We further analyzed the annotation data to objectively identify groups of cortical injection sites that send converging inputs within different SC zones. To perform this final stage of the neuroinformatics pipeline, we first built an adjacency matrix out of our annotation data. The graph structure of the data are relatively simple: nodes and connections are organized as a multi-tree with two levels: the cortex and the four SC zones. We performed community detection (modularity maximization) on ROI annotated data. The overlap annotation per each case within a group was aggregated into a single matrix. Overlap refers to a convergence of terminal fields within the SC between cortical source areas. The overlap value between a source and target ROI is the ratio of common labeling among the two ROIs to total source labeling21. Once the aggregated matrix was constructed, we further normalized the data so that the total labelling across each injection site (typically close in the first place) was adjusted to equal with the injection site featuring maximum total labeling. On this normalized matrix we applied the Louvain community detection algorithm at a single scale (gamma 1.0) to the data and identified clusters of injection sites with similar SC termination fields.

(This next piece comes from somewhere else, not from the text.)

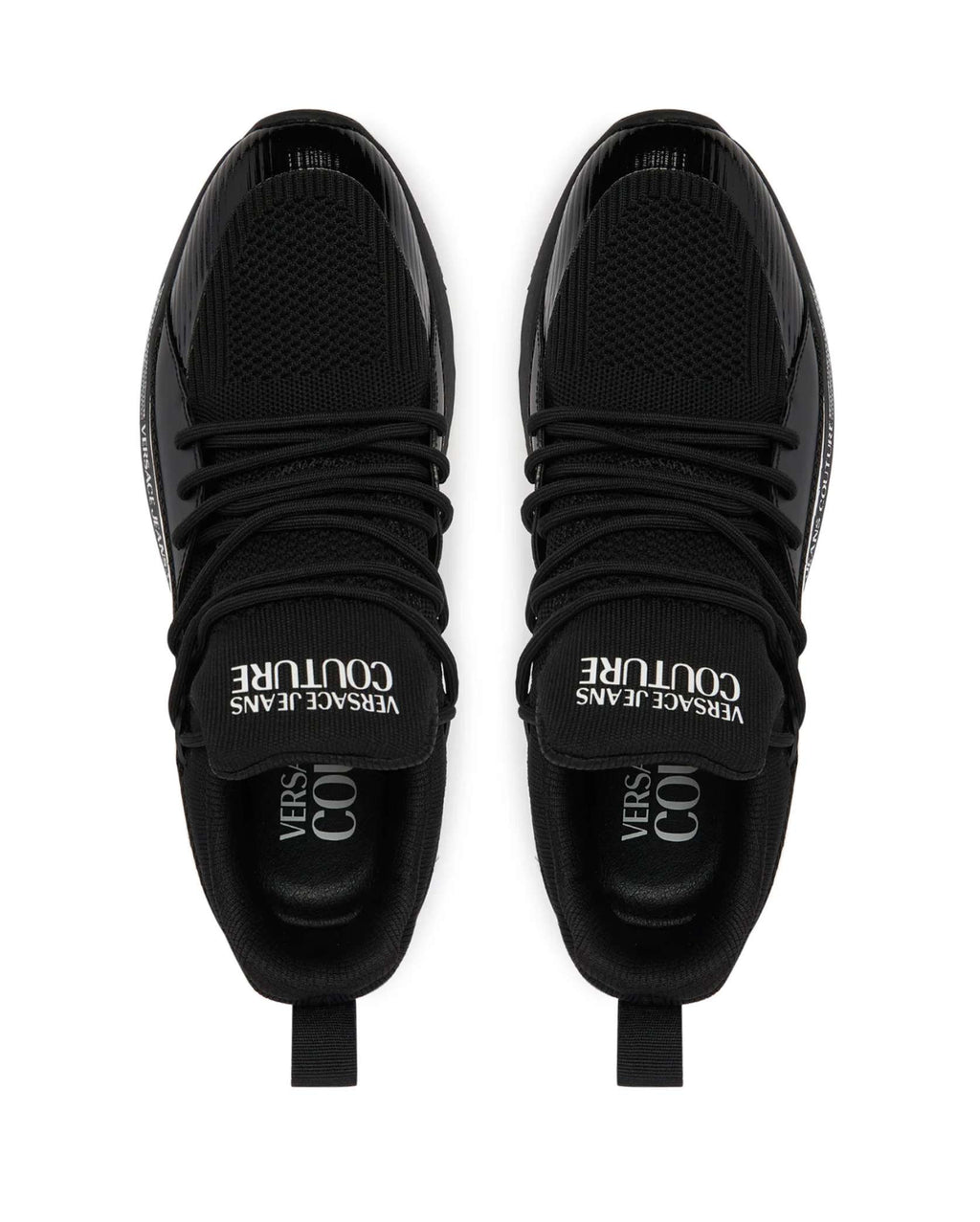 Sneaker Versace Jeans Couture nero US26VE05 80YA3SA3 ZSE21 899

As the result of this greedy algorithm being non-deterministic, we performed 100 separate executions, and subsequently calculated a consensus community structure to characterize the 100 executions as a single result. Given the modularity of the data (that is, highly topographic labeling), a modularity optimization algorithm, like the Louvain, was well suited. However, the element of randomness makes it probable that the algorithm will reveal a different community structure over multiple runs. To mitigate this issue, the algorithm was run 1000 times. The community structure that emerged most often, which we defined as the community structure mode (borrowing from statistics) is reported. A mean and standard deviation for the number of communities that was detected across the 1000 runs was also computed. Subsequently, to aid visualization we employed the community structure to reorder and color code an adjacency matrix such that connections were placed close to the diagonal. An accompanying color-coded SC illustrates the spatial arrangement of the communities/zones. The code for generating the illustrative color-coded SC employed a ‘winner takes all’ reconstruction of community terminal fields. For each cell, the method compared overlap data from across injection sites and colored according to the community with the greatest quantity of labeling.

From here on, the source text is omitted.